夏に高尾山口駅に降り立つと、目の前の川から「ルルルルル……」というカジカガエルの声を聞いたことのある人もいるはずだ。高尾山の山裾を流れる小さな川、案内川。

 冬も深まったある日、その川にふわりと飛んできたのはシラサギ類の中で最大となるダイサギ。豪快な狩りの瞬間を目撃した。

■高尾山の玄関口を流れる案内川

知らずに案内川を渡っている人も多いかも

 案内川は、大垂水峠から南浅川に注ぐ多摩川の支流。全長約8キロの小さな川である。甲州街道に沿って流れていて高尾山口駅付近を通過するので、多くの目に触れているはずだが、その名前を知っている人は意外と少ないだろう。そんなマイナーな案内川は、絶壁のような護岸に囲まれて生物を寄せ付けないような圧迫感のあるゾーンもあるが、水は澄んでいて流域で生息する生物も多い。

■獲物を狙うダイサギ

 高尾山のハイキングを楽しみ、下山した後の疲れを癒すため静かに川面を眺めていたところ、大きな影が舞い降りてきた。シラサギだ。純白の羽。黄色く長い嘴。すっと伸びた白い首。目先は緑色。全長90cm、翼を広げると170cmにもなる、シラサギの仲間で最も大きいダイサギである。

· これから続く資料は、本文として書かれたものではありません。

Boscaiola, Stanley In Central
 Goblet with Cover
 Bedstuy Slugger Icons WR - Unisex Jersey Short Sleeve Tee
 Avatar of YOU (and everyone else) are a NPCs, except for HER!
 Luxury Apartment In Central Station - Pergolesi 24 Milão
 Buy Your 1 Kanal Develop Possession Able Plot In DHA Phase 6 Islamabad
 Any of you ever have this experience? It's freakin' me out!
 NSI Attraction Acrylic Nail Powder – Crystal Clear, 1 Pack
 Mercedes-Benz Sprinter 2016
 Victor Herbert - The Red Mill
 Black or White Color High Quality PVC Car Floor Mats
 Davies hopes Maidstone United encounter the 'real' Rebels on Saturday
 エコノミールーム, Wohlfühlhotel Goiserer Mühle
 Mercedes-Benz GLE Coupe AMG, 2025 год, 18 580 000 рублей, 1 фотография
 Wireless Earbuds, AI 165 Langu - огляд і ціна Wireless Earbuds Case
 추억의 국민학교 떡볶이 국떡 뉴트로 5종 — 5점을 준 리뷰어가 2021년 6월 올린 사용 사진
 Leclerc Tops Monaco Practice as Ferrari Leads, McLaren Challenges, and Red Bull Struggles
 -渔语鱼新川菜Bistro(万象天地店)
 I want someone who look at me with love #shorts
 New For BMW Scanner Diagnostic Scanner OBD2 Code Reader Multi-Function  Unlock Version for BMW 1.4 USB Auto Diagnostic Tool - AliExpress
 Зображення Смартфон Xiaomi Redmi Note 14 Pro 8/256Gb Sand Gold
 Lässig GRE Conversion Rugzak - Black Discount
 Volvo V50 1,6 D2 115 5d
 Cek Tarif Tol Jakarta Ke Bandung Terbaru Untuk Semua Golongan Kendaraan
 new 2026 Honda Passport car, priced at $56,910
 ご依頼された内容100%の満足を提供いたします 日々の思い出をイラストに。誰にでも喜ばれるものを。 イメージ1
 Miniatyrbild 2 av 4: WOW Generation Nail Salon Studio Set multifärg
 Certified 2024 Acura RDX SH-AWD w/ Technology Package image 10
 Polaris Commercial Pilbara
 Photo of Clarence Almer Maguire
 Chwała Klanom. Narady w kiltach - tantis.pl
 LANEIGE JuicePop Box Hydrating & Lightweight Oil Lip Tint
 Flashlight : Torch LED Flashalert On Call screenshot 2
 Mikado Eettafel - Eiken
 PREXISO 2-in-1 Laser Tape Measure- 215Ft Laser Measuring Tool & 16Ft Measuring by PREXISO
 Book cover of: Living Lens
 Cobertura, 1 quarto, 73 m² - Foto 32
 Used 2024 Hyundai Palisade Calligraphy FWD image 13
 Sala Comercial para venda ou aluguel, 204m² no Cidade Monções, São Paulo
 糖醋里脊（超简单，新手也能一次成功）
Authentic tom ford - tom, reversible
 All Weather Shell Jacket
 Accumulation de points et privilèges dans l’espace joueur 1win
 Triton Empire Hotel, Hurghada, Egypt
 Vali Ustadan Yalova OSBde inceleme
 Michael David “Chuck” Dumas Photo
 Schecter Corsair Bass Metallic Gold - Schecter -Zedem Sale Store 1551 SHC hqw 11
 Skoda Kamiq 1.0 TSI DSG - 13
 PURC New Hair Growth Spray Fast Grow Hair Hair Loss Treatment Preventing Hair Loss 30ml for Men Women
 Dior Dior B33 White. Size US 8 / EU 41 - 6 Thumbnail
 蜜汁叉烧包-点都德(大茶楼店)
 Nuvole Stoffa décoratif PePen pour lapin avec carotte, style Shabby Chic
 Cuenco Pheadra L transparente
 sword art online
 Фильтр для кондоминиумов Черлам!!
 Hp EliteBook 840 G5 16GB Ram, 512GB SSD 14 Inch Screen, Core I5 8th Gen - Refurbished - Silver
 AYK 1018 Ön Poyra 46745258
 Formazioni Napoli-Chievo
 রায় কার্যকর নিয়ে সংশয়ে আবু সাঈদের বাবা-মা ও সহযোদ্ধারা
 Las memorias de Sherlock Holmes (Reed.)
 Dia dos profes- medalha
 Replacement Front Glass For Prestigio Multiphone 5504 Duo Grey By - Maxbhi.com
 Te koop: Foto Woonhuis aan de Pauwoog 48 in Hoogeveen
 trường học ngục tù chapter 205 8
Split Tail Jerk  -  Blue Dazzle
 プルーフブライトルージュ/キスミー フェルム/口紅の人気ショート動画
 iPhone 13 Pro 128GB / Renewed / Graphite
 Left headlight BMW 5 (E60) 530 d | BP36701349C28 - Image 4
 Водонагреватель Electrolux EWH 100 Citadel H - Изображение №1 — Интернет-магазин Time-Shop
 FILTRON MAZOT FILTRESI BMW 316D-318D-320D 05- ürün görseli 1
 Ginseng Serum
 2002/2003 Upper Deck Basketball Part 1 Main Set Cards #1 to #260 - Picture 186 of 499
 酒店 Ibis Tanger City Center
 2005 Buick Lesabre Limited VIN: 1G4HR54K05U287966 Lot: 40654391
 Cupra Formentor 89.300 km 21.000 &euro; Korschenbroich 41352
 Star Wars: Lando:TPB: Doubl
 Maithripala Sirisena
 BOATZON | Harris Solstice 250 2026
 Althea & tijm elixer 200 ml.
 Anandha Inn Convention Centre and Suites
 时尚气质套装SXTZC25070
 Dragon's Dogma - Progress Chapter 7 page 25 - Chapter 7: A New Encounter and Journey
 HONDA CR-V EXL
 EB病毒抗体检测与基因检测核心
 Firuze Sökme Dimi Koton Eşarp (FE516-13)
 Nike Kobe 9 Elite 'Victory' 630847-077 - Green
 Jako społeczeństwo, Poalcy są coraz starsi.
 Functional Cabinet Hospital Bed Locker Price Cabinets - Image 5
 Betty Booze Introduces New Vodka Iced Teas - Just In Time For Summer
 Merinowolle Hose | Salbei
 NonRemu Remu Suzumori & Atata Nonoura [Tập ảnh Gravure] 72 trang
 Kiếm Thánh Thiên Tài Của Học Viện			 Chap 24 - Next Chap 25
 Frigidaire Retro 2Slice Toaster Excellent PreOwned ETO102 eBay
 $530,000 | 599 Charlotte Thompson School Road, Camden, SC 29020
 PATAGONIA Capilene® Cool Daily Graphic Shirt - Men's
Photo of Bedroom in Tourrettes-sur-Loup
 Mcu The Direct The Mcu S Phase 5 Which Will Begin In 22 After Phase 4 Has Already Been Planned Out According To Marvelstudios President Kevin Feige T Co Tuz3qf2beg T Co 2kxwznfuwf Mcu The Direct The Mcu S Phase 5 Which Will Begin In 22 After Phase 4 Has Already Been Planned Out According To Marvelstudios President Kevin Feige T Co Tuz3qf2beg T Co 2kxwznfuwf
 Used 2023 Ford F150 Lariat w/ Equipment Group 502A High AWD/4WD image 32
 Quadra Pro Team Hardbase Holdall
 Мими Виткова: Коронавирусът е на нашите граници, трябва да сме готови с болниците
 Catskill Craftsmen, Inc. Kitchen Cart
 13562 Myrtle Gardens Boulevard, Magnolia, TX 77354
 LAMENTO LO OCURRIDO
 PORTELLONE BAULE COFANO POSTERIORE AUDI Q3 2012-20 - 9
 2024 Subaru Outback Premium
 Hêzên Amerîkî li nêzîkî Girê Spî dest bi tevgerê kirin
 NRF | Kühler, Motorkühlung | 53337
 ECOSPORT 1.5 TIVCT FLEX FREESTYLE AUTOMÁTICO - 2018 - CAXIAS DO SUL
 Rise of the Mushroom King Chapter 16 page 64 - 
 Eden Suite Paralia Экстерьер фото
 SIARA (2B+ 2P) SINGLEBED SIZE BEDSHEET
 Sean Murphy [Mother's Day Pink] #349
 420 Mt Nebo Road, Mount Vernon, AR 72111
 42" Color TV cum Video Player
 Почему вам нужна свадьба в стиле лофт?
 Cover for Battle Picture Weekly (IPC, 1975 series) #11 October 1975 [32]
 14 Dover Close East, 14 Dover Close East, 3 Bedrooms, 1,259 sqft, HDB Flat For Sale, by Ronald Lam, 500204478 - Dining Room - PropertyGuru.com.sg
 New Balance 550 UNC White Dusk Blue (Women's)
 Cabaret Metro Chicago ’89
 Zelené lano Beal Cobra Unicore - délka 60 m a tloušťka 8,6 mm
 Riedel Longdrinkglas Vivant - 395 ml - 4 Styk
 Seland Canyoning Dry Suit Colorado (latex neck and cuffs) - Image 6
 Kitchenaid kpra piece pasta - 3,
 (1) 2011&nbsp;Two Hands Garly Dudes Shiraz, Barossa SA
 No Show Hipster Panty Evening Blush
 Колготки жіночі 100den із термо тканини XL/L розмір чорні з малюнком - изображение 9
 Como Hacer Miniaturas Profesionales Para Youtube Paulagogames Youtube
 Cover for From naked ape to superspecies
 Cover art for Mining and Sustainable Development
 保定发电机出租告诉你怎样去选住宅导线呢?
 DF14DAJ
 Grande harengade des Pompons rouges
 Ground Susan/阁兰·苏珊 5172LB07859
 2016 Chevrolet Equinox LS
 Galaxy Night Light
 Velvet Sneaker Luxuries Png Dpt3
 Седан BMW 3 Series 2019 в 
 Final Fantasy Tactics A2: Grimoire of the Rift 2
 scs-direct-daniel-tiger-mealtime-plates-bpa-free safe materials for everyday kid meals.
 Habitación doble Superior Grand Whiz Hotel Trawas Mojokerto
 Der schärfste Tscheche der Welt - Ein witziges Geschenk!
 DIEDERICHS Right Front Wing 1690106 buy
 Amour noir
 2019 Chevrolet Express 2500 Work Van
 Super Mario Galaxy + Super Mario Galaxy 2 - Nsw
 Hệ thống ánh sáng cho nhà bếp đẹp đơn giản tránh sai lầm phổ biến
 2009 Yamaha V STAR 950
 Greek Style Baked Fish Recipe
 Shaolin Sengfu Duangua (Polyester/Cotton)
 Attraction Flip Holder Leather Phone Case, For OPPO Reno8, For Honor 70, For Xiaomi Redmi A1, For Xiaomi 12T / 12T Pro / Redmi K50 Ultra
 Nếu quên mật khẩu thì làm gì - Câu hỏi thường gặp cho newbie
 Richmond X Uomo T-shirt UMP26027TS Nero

堂々した姿のダイサギ。ツルと間違う人がいるというのもうなずける

 ダイサギは、ゆっくりと歩き始めた。お腹を空かせて獲物を探しているように見える。浅瀬から淵に向かって移動を始めた。そちらの方が、餌となる大きな魚が生息していると本能でわかっているのだろう。

大きな体を支えている黒くてがっちりした足指が目立つ

 ダイサギは、徐々に水深の深い場所に進んでいき、ついには足が全て水中に隠れるほどとなった。しかし、ダイサギは不安な様子を見せるそぶりもない。それどころか、目つきは、さらに鋭さを増してきた。すでに獲物をロックオンしたのだろうか。大きな体がその場から消えたかのように静止した瞬間、「バシャン! 」大きな音が周囲に響き渡った。